The Lamonts, Governor Ned Lamont and his lovely wife Annie
Lamont, an accomplished money-making investor, have been with us a long while.
Ned Lamont first entered politics under the sheltering wings of former Governor
and U.S. Senator Lowell Weicker, a Republican millionaire bumped by Connecticut
Republicans way back in 1988 when they realized that Senator Weicker, who as governor
graced the state with an income tax, was a Teddy Kennedy Democrat in disguise.
Weicker served in the U.S. Senate for three terms from 1971 to 1989.
Weicker’s Americans for Democratic Action (ADA) rating
during his last year in the Senate was ten points higher than that of U.S.
Senator Chris Dodd, not a “moderate Republican.” Moderate Connecticut
Republicans espied Weicker’s Democrat Party leanings when rarely subtle Weicker
boasted of himself that he was “the turd in the Republican Party punchbowl.”

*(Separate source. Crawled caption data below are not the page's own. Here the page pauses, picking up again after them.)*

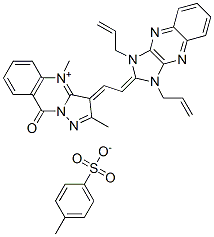 3-[(1,3-diallyl-1,3-dihydro-2H-imidazo[4,5-b]quinoxalin-2-ylidene)ethylidene]-3,9-dihydro-2,4-dimethyl-9-oxopyrazolo[5,1-b]quinazolinium toluene-p-sulphonate CAS#: 75535-20-5
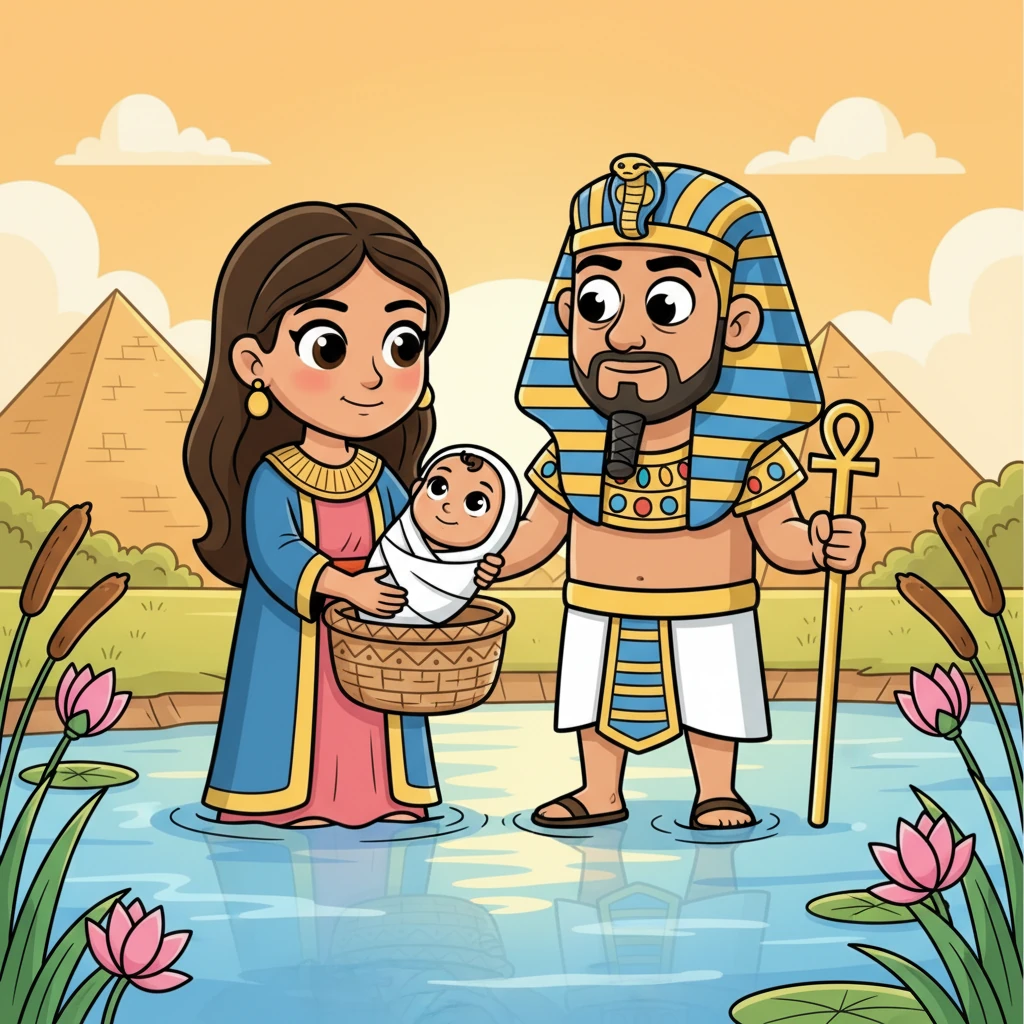 Queen Asiya, with a warm, tender smile, lifted baby Musa from the basket, her heart instantly overflowing with love for the sweet child. Even Pharaoh, though initially stern, looked on, softened by his wife's joy and the baby's innocent charm.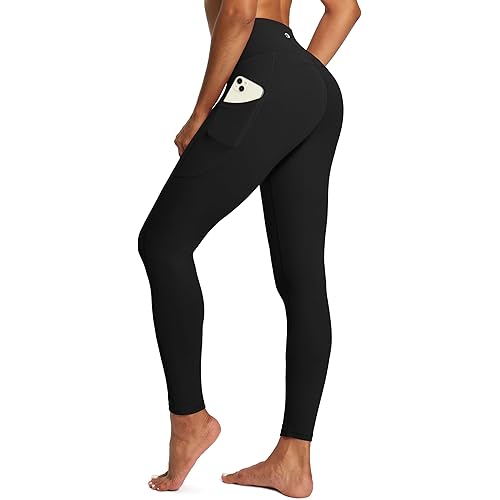IUGA Compression Leggings with Pockets for Women Tummy Control Leggings No Front Seam Workout High Waist Yoga Pants Midnight Black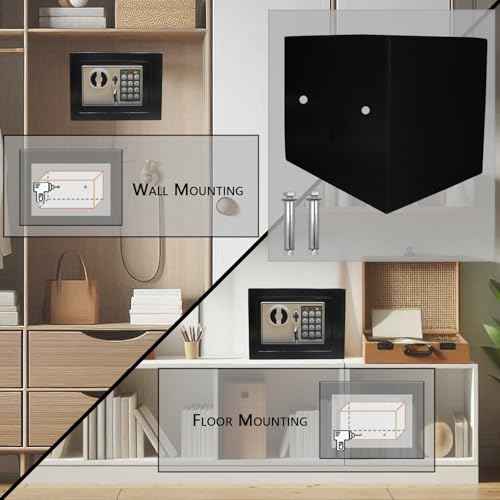 Yuanshikj Electronic Deluxe Digital Security Safe Box Key Keypad Lock Home Office Hotel Business Jewelry Gun Cash Use Storage money (BLACK)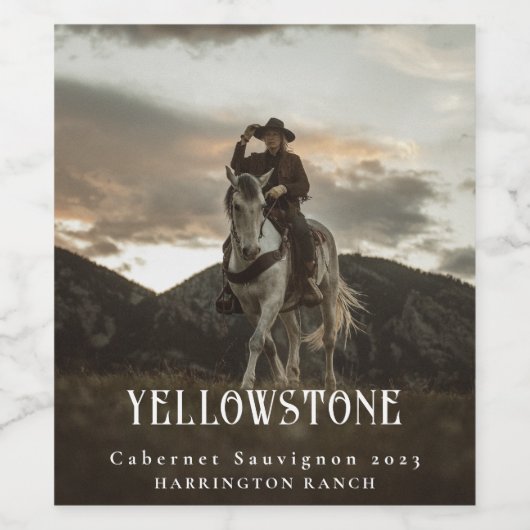 Mockup Yellowstone Western Custom Wine Labels Weinetikett (Einzelnes Label)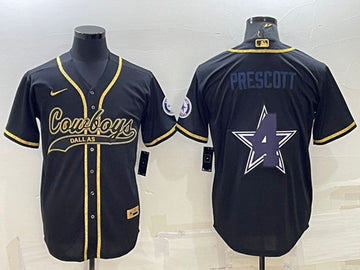 Dallas Cowboys #4 Dak Prescott Black Gold Team Big Logo With Patch Baseball Jersey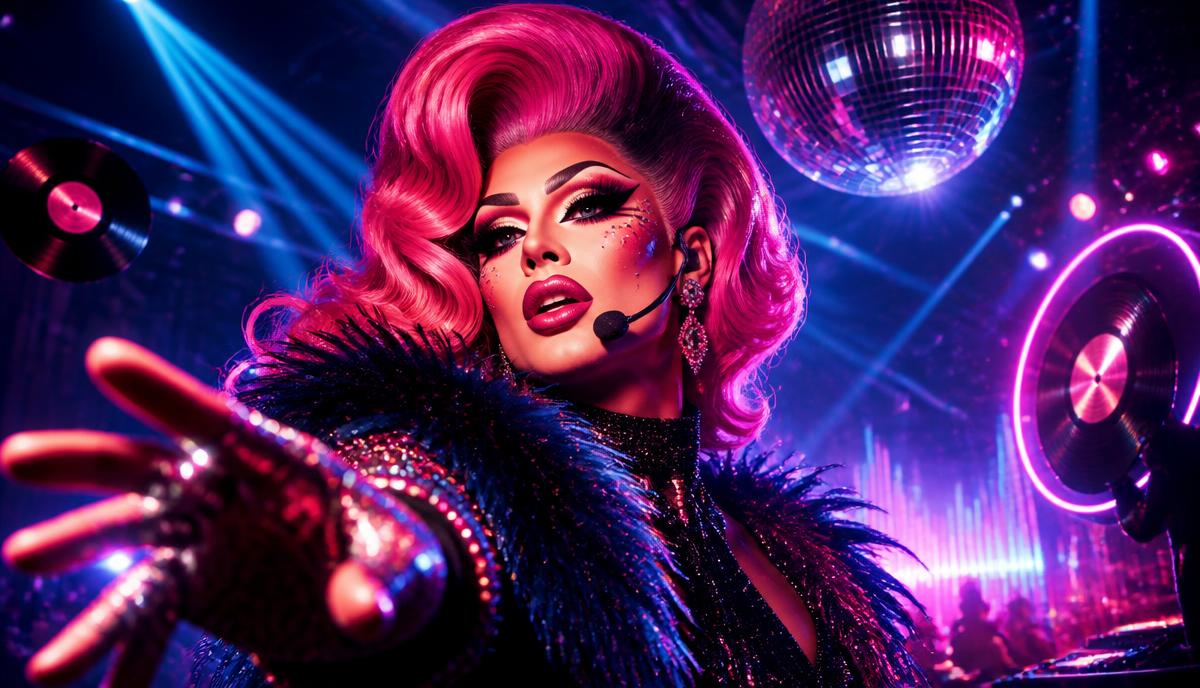 Lancement de PLAY RADIO DRAG : une artiste drag glamour avec micro-casque sous les néons fuchsia d'un club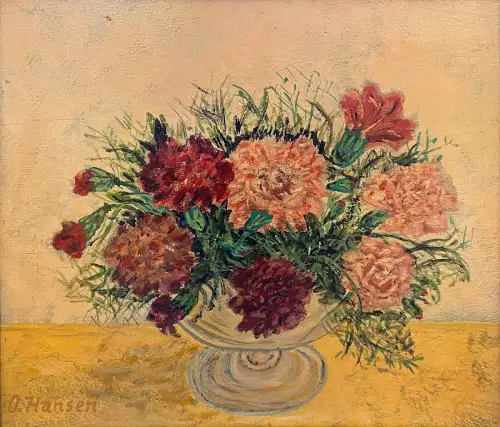 O. HANSEN 1. Hälfte 20. Jh. Dänemark Blumen Stilleben Original Öl Holz 20,5x24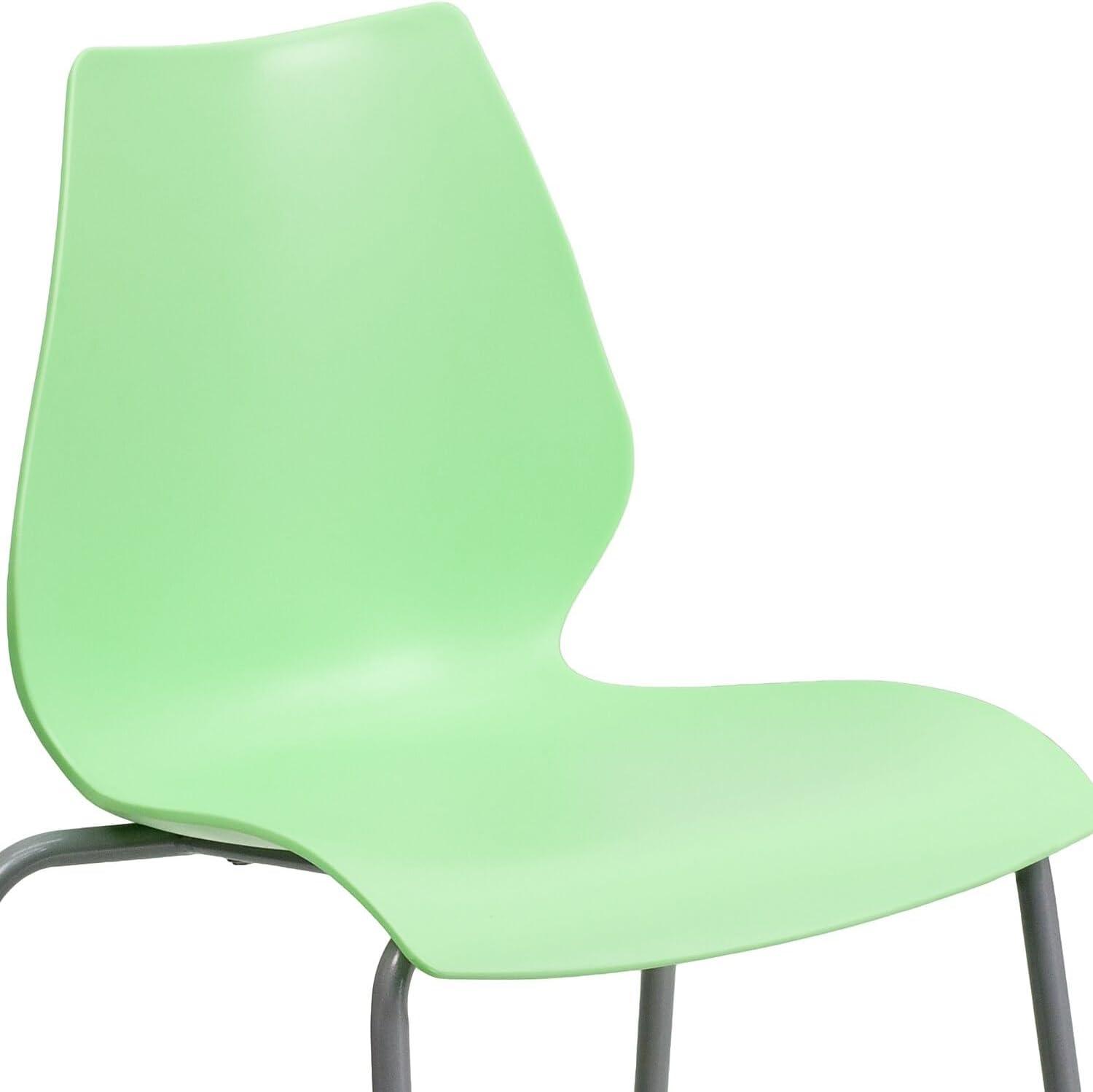 image:imageFlash Furniture HERCULES Series 770 lb Capacity White Stack Chair with Lumbar Support and Silver FrameGreen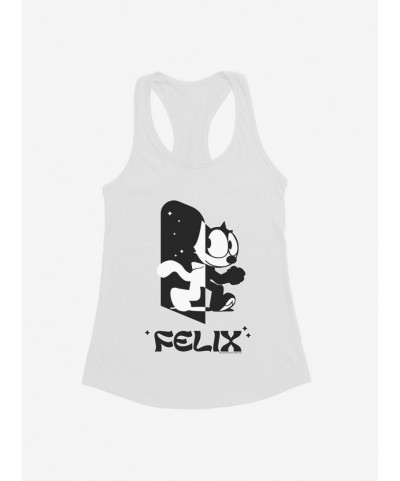 Discount Felix The Cat Black and White Girls Tank $8.17 Tanks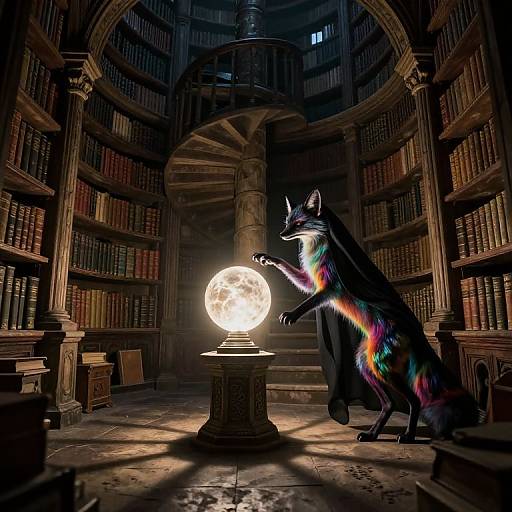 Celestial Vixen in Ancient Library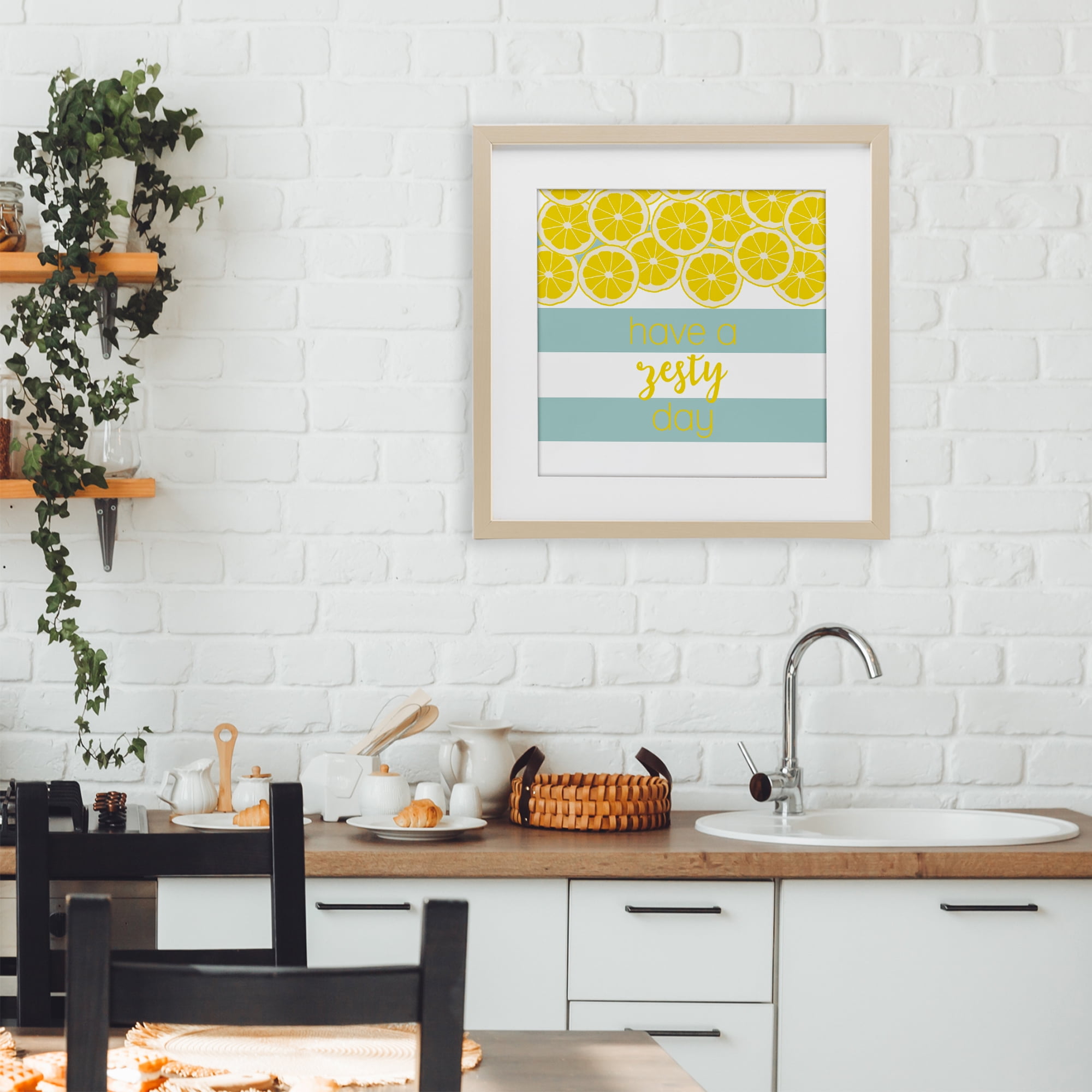 Stupell Industries Zesty Citrus with Stripes Birch Framed Print Under Glass, design by Anna Quach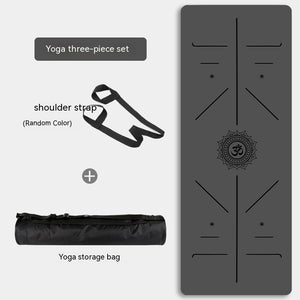 Natural rubber non-slip professional yoga mat set in various colors with shoulder strap and storage bag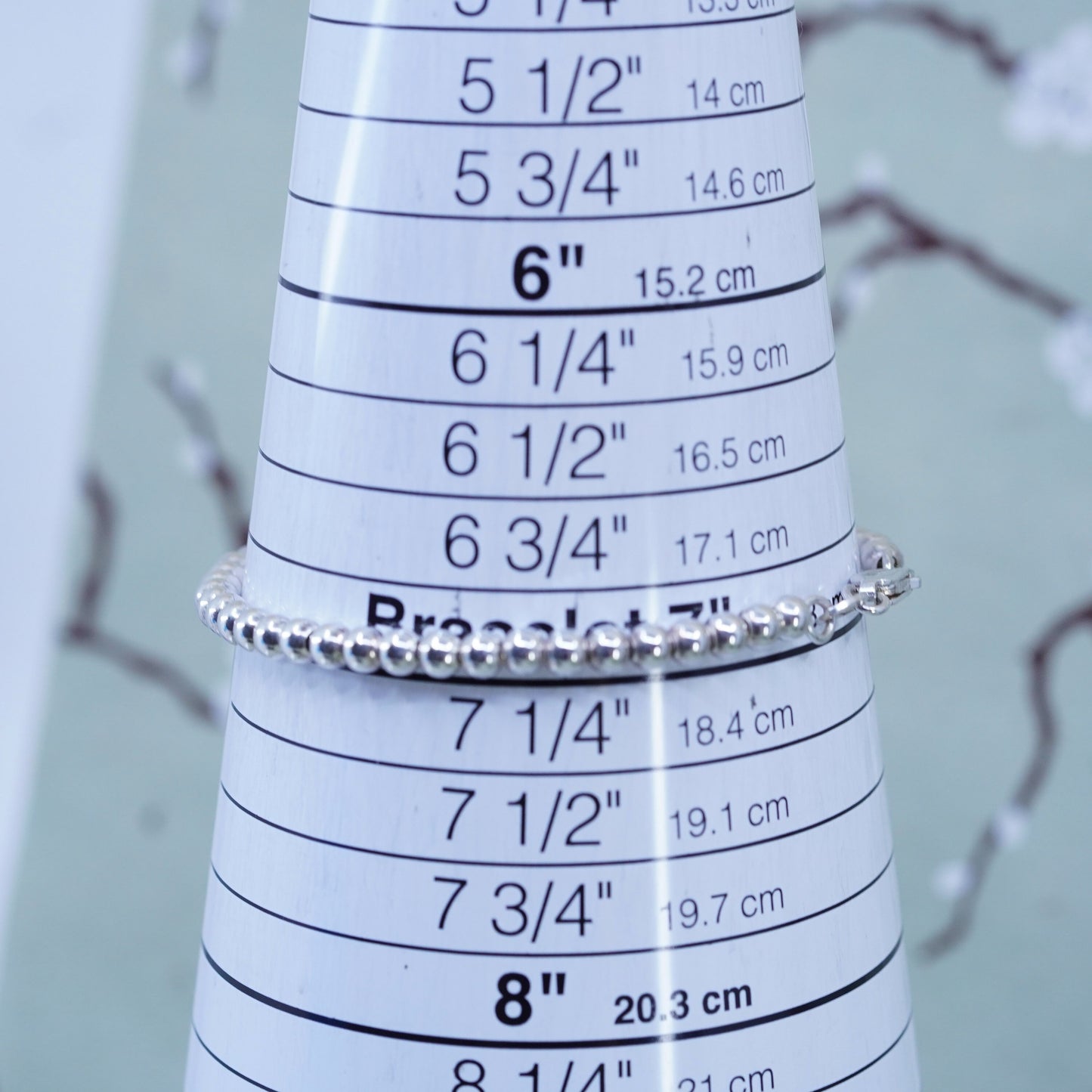 7” 3mm, vintage sterling silver handmade bracelet, 925 bead chain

Neo-progressive revolutionists
with knives in their brains, socialists teetering on the edge of communism such
as Mayor Zohran Mamdani of New York City, have left the Lamonts relatively
untouched. The Lamonts are multi-millionaires who live in Greenwich, Connecticut,
part of the state’s so called “Gold Coast,” a place where millionaires live and
die in relative obscurity, safe from the torments that neo-progressives are
fond of inflicting on redundant millionaires.
The evil-rich in Greenwich, now trending
Democrat, want to live out their days in the state’s Gold Coast sanctuary in
comfort, unruffled by Oscar Wilde’s remark that Americans are people who “know
the price of everything and the value of nothing.”
Neo-progressives are, of course,
full of Nietzschean “ressentiment,” a term in philosophy indicating a form of
hostility directed toward an object perceived as the cause of one’s frustration
or loss of power. More potent than envy, ressentiment is a hateful desire for
revenge that arises from a sense of weakness, inferiority, or thwarted agency.
The victims of ressentiment are often incapable of true wit or humor.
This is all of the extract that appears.